START MATERIAL PROVIDED

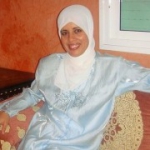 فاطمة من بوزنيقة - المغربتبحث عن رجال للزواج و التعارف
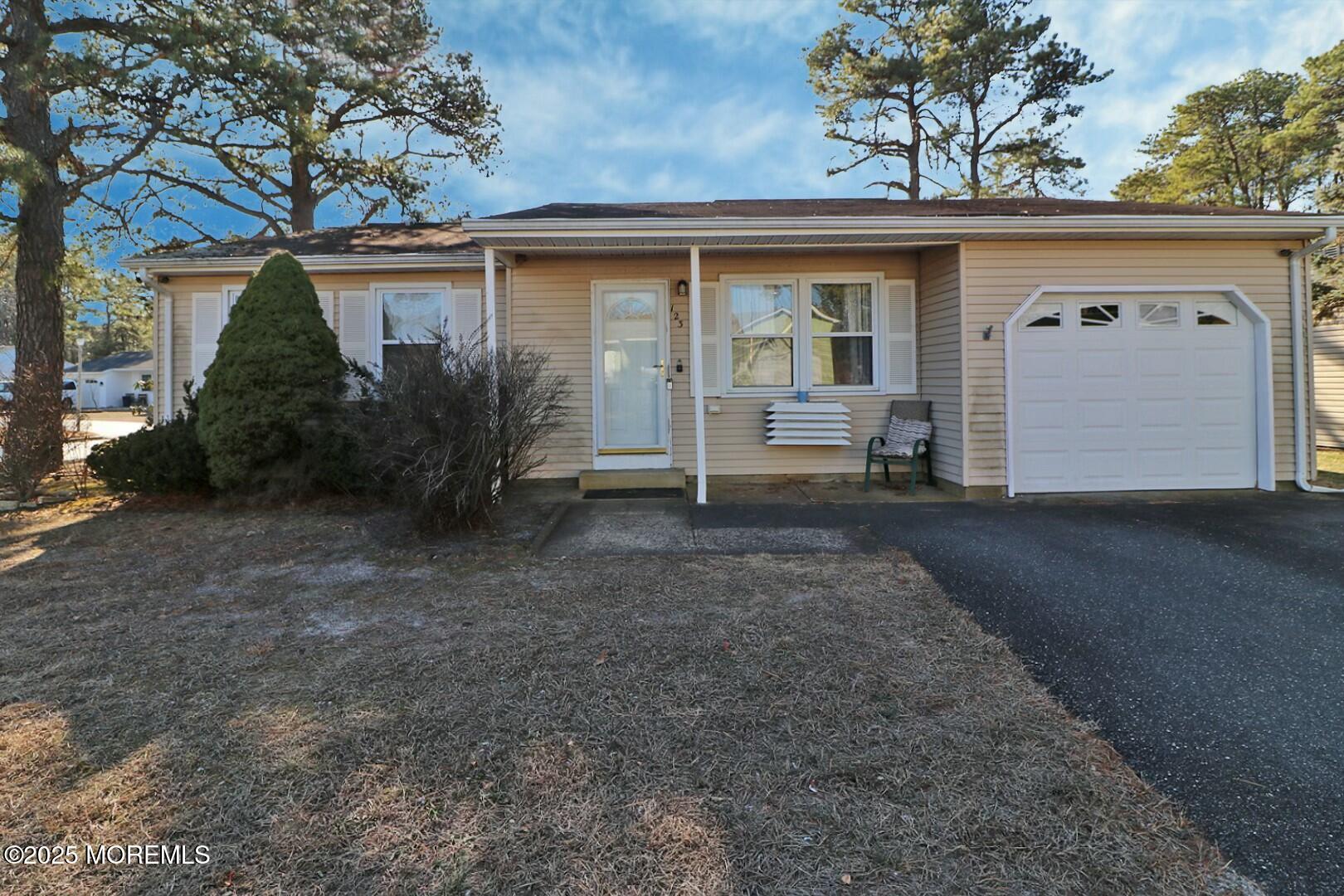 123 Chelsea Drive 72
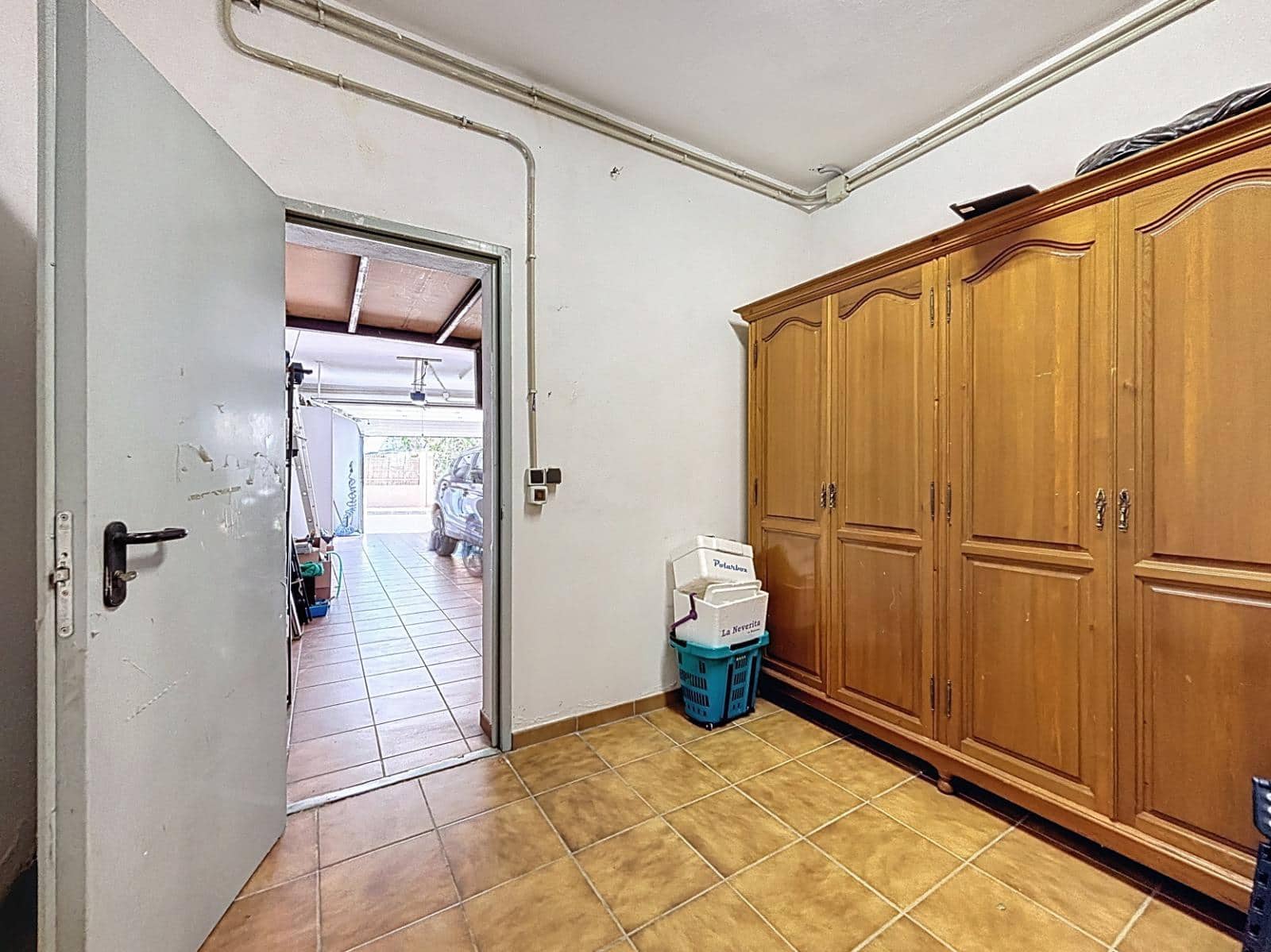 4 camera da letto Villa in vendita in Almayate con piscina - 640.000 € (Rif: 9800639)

END MATERIAL PROVIDED

• [EXERCISE GOAL]:
Output the material above exactly as written and drop any images it holds.

• [RESPONSE AREA]:
 فاطمة من بوزنيقة - المغربتبحث عن رجال للزواج و التعارف
 123 Chelsea Drive 72
 4 camera da letto Villa in vendita in Almayate con piscina - 640.000 € (Rif: 9800639)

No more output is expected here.